Der Charmeur mit goldener Stimme
Karel Gott wird am Montag 75. Mit Liedern wie „Biene Maja“ hat der Schlagersänger seit Jahrzehnten Erfolg.
Prag. Für seine Fans ist er einfach nur der „Meister“: Seit mehr als fünf Jahrzehnten begeistert der Tenor Karel Gott seine Zuhörer mit immer wieder neuen Ohrwürmern. An „Bei uns war immer Babicka“ erinnern sich die Großeltern. In „kleine, freche, schlaue Maja“ stimmt die mittlere Generation ein. Und die ganz Jungen denken unweigerlich an Gotts Duett mit Rapper Bushido. Am Montag feiert Karel Gott seinen 75. Geburtstag.

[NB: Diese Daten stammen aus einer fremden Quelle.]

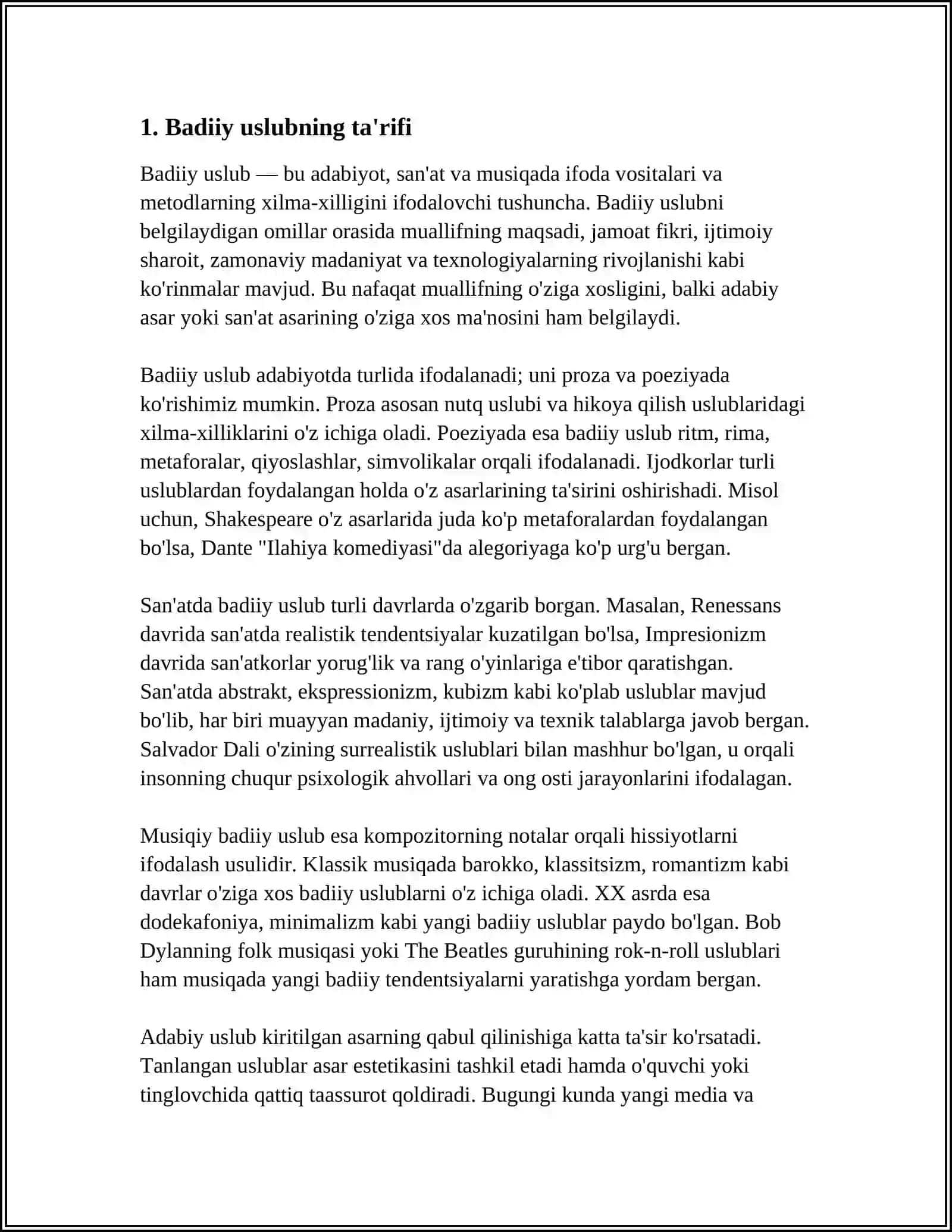 BADIIY USLUB VA UNING XUSUSIYATLARI 3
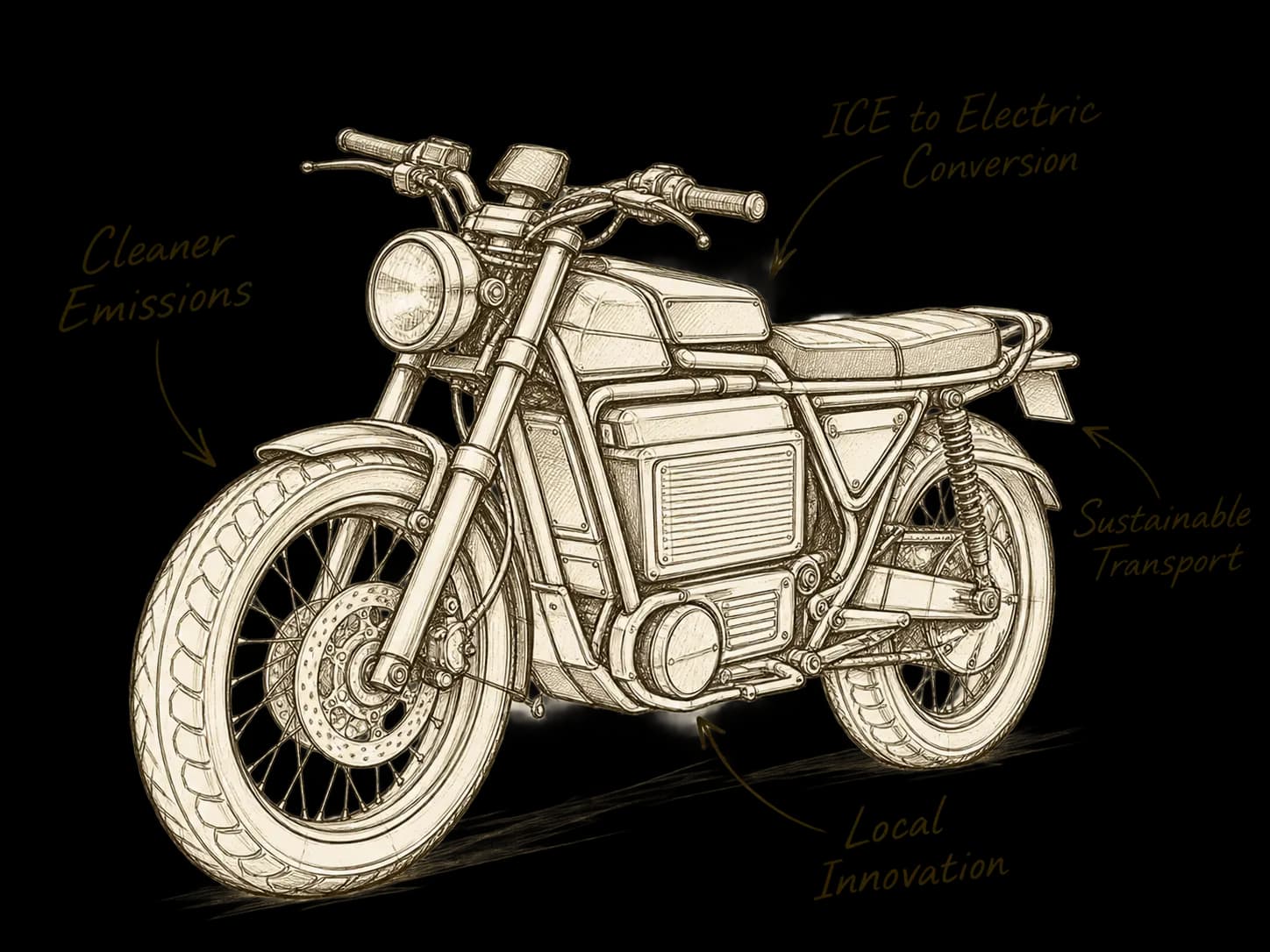Sketch explaining cleaner emissions, local innovation, sustainable transport, and ICE to electric conversion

Das heißt, eigentlich hat Gott — er heißt wirklich so — sogar schon am Wochenende vorgefeiert. Auf dem Pferdegestüt und Bauernhof-Ressort „Storchennest“ des tschechischen Finanzministers Andrej Babis empfing er im kleinen Kreis Familie und engste Freunde aus dem Showbusiness. „Karel hat nur gestrahlt“, sagte der Regisseur Jiri Adamec.
„Von einer großen Feierlichkeit kann keine Rede sein, denn 75 zu werden ist kein besonderes Verdienst“, hatte der Sänger vor einigen Tagen schon gesagt. Und für Herbst plant er eine große Tournee, die ihn in zehn tschechische und slowakische Städte führt.
Dass aus dem Elektrotechnik-Lehrling von einst ein Weltstar des Schlagers werden würde, der Konzerte von Moskau bis New York gibt, war nicht vorgezeichnet. Er hätte auch Maler werden können, bestand aber die Aufnahmeprüfung an der Kunstakademie nicht. Dann hatte er Glück, als der russische Tenor Konstantin Karenin in Prag sein Lehrer wurde. Der brachte Gott nicht nur die Kunst des Belcanto bei, sondern tolerierte auch seine Popambitionen.
Stark beeindruckte den jungen Gott dann ein Gastspiel in Las Vegas, dem Mekka der Unterhaltungsbranche. Er lernte von den ganz Großen wie Frank Sinatra vor allem eines: Disziplin. „Es gibt nur ein einziges ,Attest’, das die Absage eines Konzerts berechtigt: die Sterbeurkunde“, merkt sich der junge Gott.
Er bekam Angebote, in Amerika zu bleiben. „Ich entschied mich aber, meinem europäischen Publikum treu zu bleiben, das mich geprägt hat, mich nie verraten hat und auf das ich mich verlassen kann“, erklärt Gott. Bereut habe er das nie.
Der Erfolg kam Schlag auf Schlag: Mit dem Udo-Jürgens-Lied „Tausend Fenster“ trat er 1968 im Eurovision-Songcontest für Österreich an (Platz 13). Dann wurde das Album „Die goldene Stimme aus Prag“ Nummer eins in Deutschland. Es folgten Goldene Schallplatten 1979 für „Triumph der goldenen Stimme“ und 2010 für „Für immer jung“.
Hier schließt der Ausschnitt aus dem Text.